Evaluating Trustworthiness in Educational Research That Is Used to Support a Change In

NCITE: National Center to Improve the Tools of Educators

Funded by the US Office of Special Education Programs

Evaluating Trustworthiness in Educational Research That is Used to Support a Change in Teaching or School Practice

A. Find a research review of the practice.
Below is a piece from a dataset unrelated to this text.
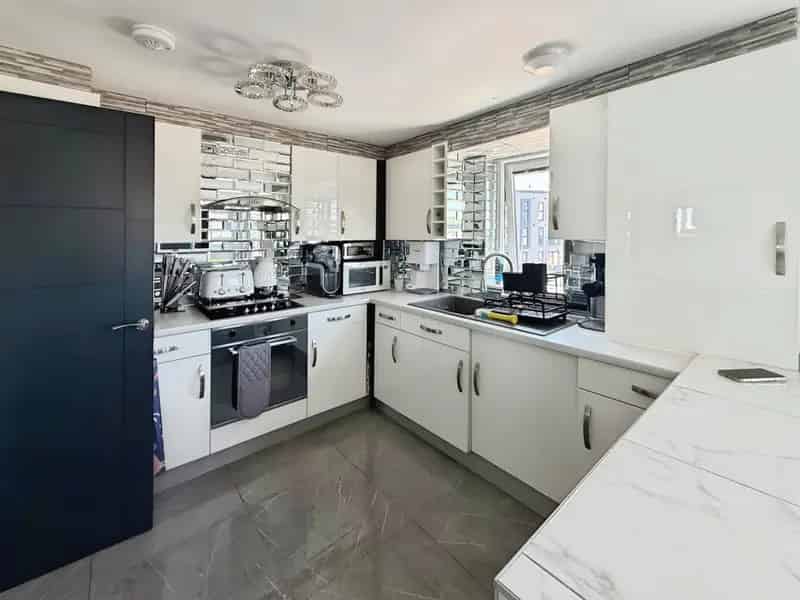 2 Bedroom Waterfront Flat - Newly Renovated
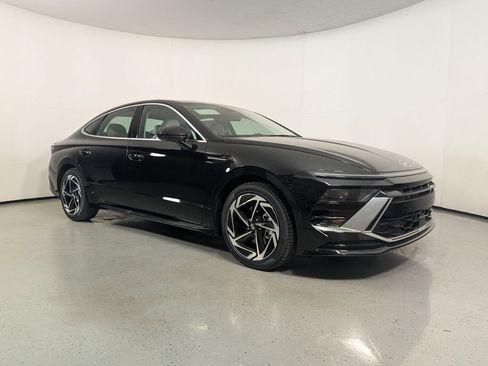 New 2026 Hyundai Sonata SEL image 1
Guidelines for Evaluating the Trustworthiness of a Research Review
(A research review is more trustworthy than an individual study)
A reformer’s claim that one teaching practice should replace another requires research that compares the recommended practice with the one it is to replace.
Are the comparative studies reviewed with each individual study described in sufficient detail to clarify the specific nature of the comparison and the results? / If the answer is no, disregard the study
If “effect sizes” are compared, were the effect sizes calculated using the same procedures across all studies? (Reporting effect sizes from other meta-analyses can be misleading. Different rules may be used by different researchers.) / If no, disregard
Does the review seem complete? If not all studies were reviewed, are the criteria for the inclusion and the exclusion of studies listed and reasonable? / If no, disregard
Is there clear evidence that things compared were the same across all studies? (e.g., the “nongraded,” primary refer to either mixed-ability or homogeneous grouping) / If no, disregard
Are the researchers independent, receiving no financial benefit from the sale of the program or services being evaluated? / Be suspicious

B. If no research reviews are available, refer to individual studies:

Essential Factors in Evaluating a Single Study
Was there a comparison? (Gains in percentile points qualify as a comparison) / If no, disregard
Do the measures evaluate performance that is important to your school? (e.g., academic or self-esteem goals) / If no, disregard
Are the measures fair to both treatments? (e.g., if one approach is used to teach arithmetic and the other geometry, a measure of arithmetic would bias the findings) / If no, disregard
The description of comparisons and results should be accurate
Is there evidence that the description of the treatment actually matched what happened in the classroom? (e.g., a specific program named in the literature review and description may not be the same one used in the treatment.) / If not, rename the treatments to match what actually was compared
Do the actual measures align with what the researchers said was measured on the posttests? (e.g., sometimes “math problem solving” involves problems with no numbers in them) / If not, rename the treatments to match what actually was compared
Statistical analyses are necessary to rule out chance as an explanation for any findings
Is there evidence that treatment groups were equivalent on relevant factors just before the study began?[1] (Were the groups equivalent on pre-tests? Were subjects randomly assigned?) / If no, disregard
Is the reliability of the measures satisfactory? (For subjective measures, inter-rater reliability should be at least .90. Other reliabilities should be at least .70) / If no, disregard
Were treatment differences statistically significant? Or, was the percentile gain greater than normal unexplained differences that occur from year to year, or from class to class? / If no, differences might be due to chance
If many outcomes were evaluated, were most of them statistically significant? If not, did the few differences fall out as predicted before the study? (Were they planned comparisons?) / If no, disregard
Is the difference in the means of the two groups at least one quarter of the average standard deviation for the two groups? (Large samples often result in statistically significant differences that are not educationally significant –i.e., there was not much difference in learning). / If no, disregard
Policy changes should never be based on only one study, especially if the conclusions are inconsistent with other research investigating a similar question. Check the literature review of the study to see if includes all other comparative studies. / Find other relevant studies
TRUSTWORTHINESS QUOTIENT / Write the number of comparative studies with a consistent conclusion
Write the total number of studies

[1]“Analysis of covariance” (ANCOVA) can be used to adjust for pretest differences. The instruction may have been more appropriate for one of the groups than the other when the groups are different on the pretest. The ANCOVA checks statistically to protect against this possibility but equivalent groups are more desirable. “Analysis of Variance” (ANOVA) is use when the groups are equivalent on pretests.